Bilateral agreements set to give overall shape to FATCA
The final shape of Fatca will be determined by bi-lateral agreements arrived at between the US and other countries around the world, as part of a pragmatic decision by the US authorities to make the new rules workable.
This week, the governments of Guernsey, Jersey and the Isle of Man jointly announced their intention to negotiate their own individual agreements with the US authorities over the implementation of the upcoming US Foreign Account Tax Compliance Act (FATCA).
The agreements are expected to be in the form of a bi-lateral agreement with the US, similar to the ‘Model I’ agreement signed between the UK and the US on 12 September 2012.
Guernsey’s Chief Minister, Peter Harwood (pictured), said: “Basing FATCA implementation on an intergovernmental agreement is preferred by the industry in all three Crown Dependencies. We are pleased to confirm our joint intention to follow this approach with the US Government. This announcement provides certainty for our business community as they also prepare for FATCA.

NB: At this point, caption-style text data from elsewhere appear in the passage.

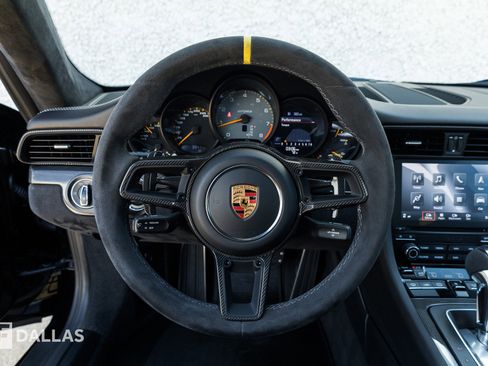 Used 2018 Porsche 911 GT2 RS RWD image 34
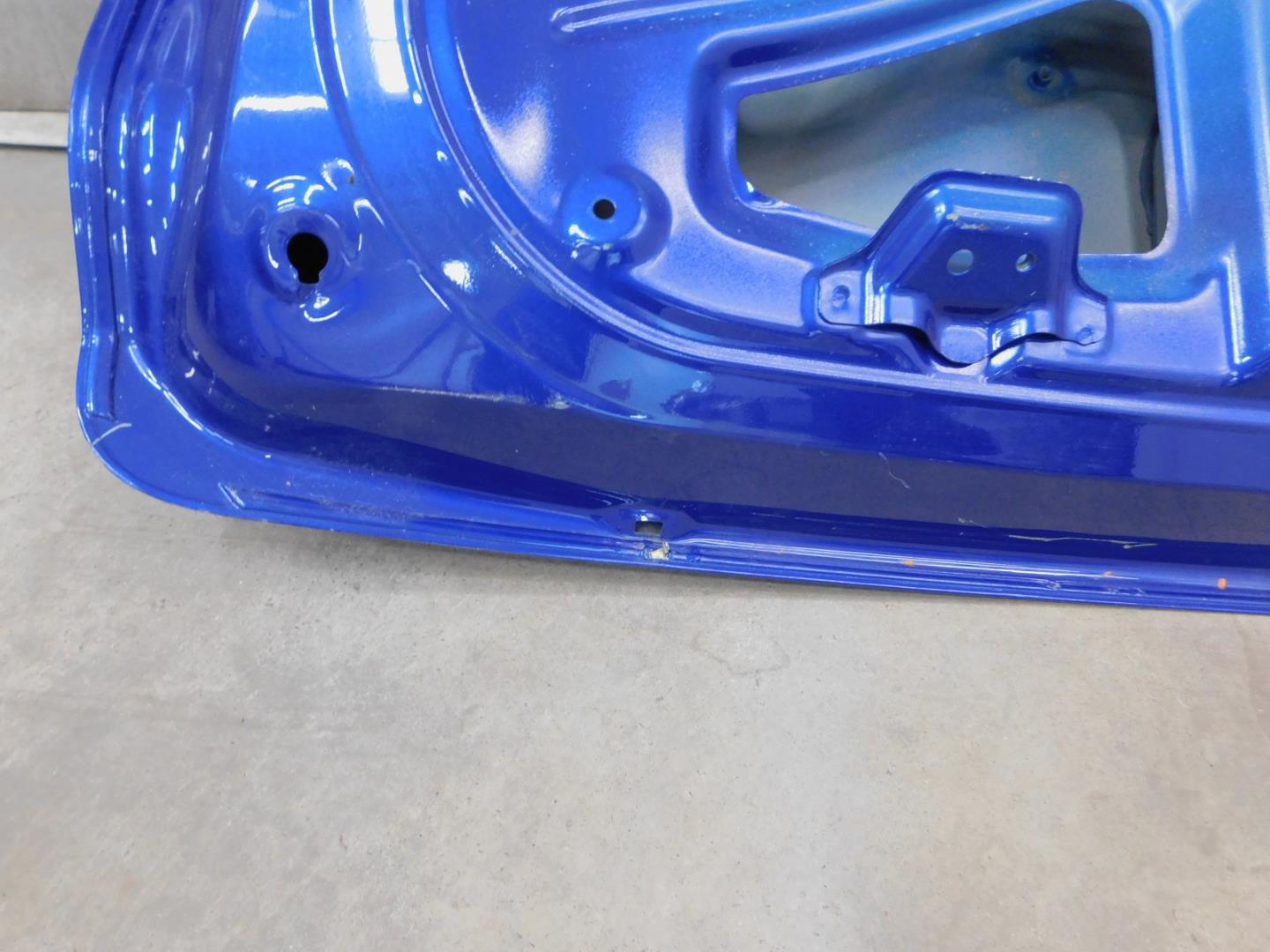 Дверь багажника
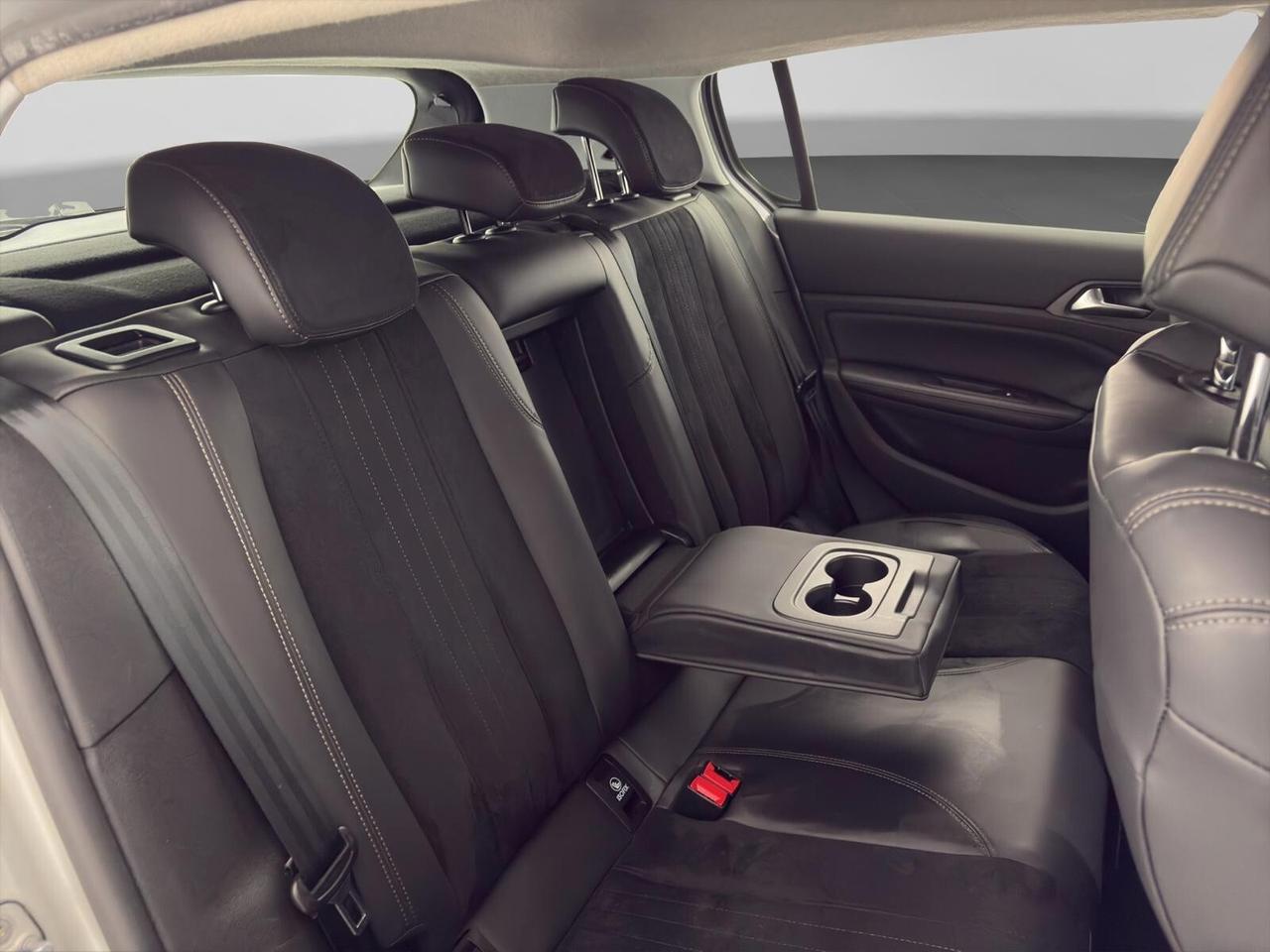 Peugeot 308 1.6 e-HDi 115cv Allure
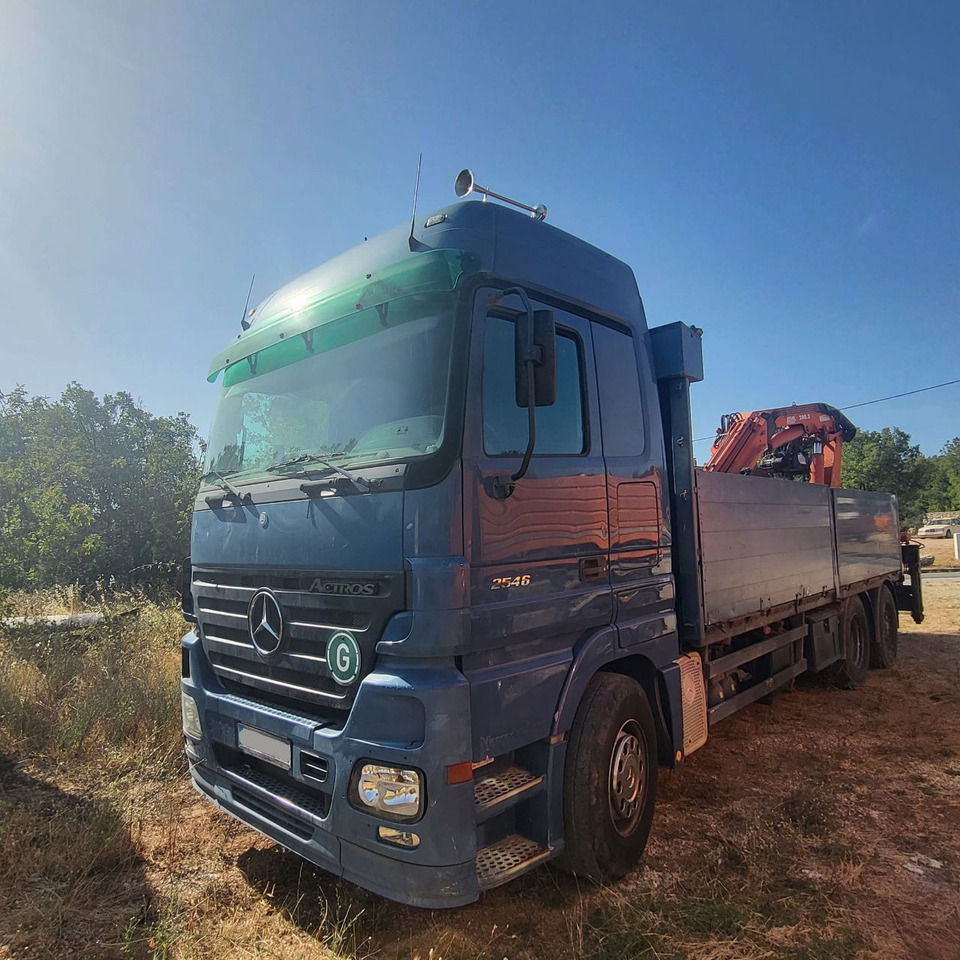 Mercedes-Benz Actros 2546 L 6x2 stake body - crane Atlas 200.2 - Camión caja abierta, Camión grúa: foto 1 Mercedes-Benz Actros 2546 L 6x2 stake body - crane Atlas 200.2 - Camión caja abierta, Camión grúa: foto 1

Harwood added: “Entering into this type of arrangement highlights the cooperative approach of the Crown Dependencies to international tax matters, and confirms Guernsey’s commitment to being a well-regulated, internationally co-operative tax transparent jurisdiction. I am particularly pleased that the three Crown Dependencies have worked together and adopted a common position on this issue.”
Fiona Le Poidevin, chief executive of Guernsey Finance, the promotional agency for the island’s finance industry, said: “The financial services industry in Guernsey has been busy getting up to speed with FATCA. This announcement will be very well received by industry because it provides certainty for the future. That said, there is still much work to be done by those firms in preparation for FATCA and we will also have to wait to see the final form of the agreement, which is reached between Guernsey and the US.”
“Certain US taxpayers holding specified foreign financial assets with an aggregate value exceeding $50,000 will report information about those assets on new Form 8938, which must be attached to the taxpayer’s annual income tax return. Higher asset thresholds apply to US taxpayers who file a joint tax return or who reside abroad.”
FATCA requires certain US citizens to disclose overseas holdings of more than $50,000 in value directly to the US Internal Revenue Service, and it requires foreign financial institutions to disclose data to the IRS automatically.
In September, the UK became the first country to finalize a tax information-sharing pact with the United States under FATCA. Under the terms of this agreement, the data is collected and forwarded to the US by the UK authorities, rather than directly to the IRS, as the US legislators had originally stipulated.